Creating Space: Ep. 2 - “Why an Italian in South Africa?” In Conversation with Federico De Nardis, CEO of GroupM Sub-Saharan Africa

Federico De Nardis’ dedication to driving racial and gender inclusivity within the GroupM Sub-Saharan Africa (SSA) workforce is a key mission for the CEO. Leading a sub-division within the mammoth WPP network, one of the world's leading advertising organisations, De Nardis is creating a culture that generates future Black leaders within the advertising sector. From the launch of the GradX —- an annual programme that trained and upskilled over one hundred Black talents —- to addressing gender imbalances, during his five-and-a-half-year tenure, the Italian CEO has spearheaded diversity initiatives across GroupM’s offices in South Africa, Nigeria and Kenya, aiming to address broader diversity inequities and market and cultural nuances that differ from its European counterparts.

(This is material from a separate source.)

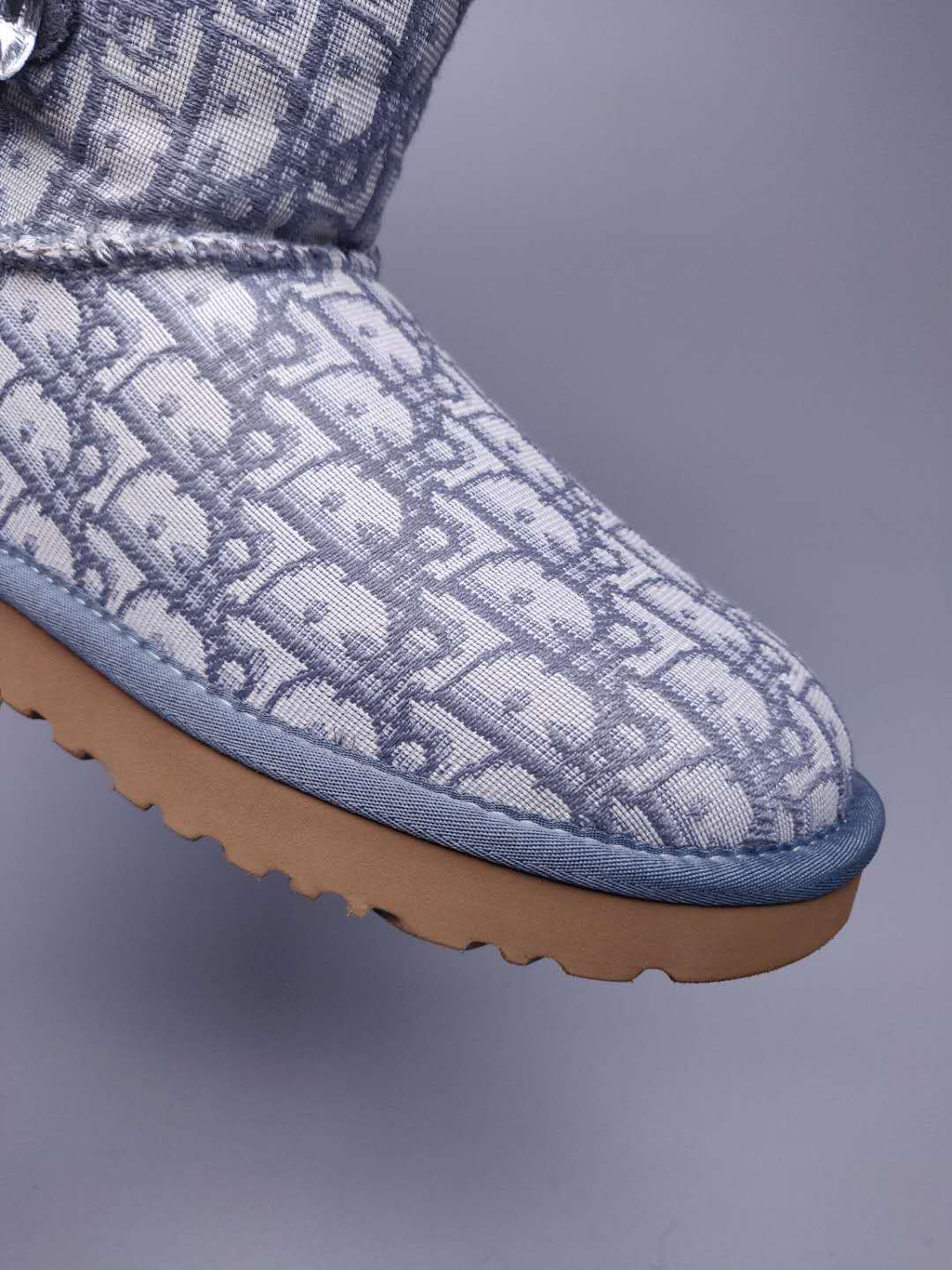 Fabric-Texture Shoes - Gray, Model 6554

We discussed De Nardis’ early career moves and his trajectory from building his first web agency, Alchera, to his current leadership role at GroupM SSA. A senior European professional leading an agency in Africa? – Yep, we discussed that too. His interest in Africa’s growing creative and tech landscape is reflective of his time as a start-up founder, traversing the trials and tribulations of working in start-up ecosystems and adapting to changing markets.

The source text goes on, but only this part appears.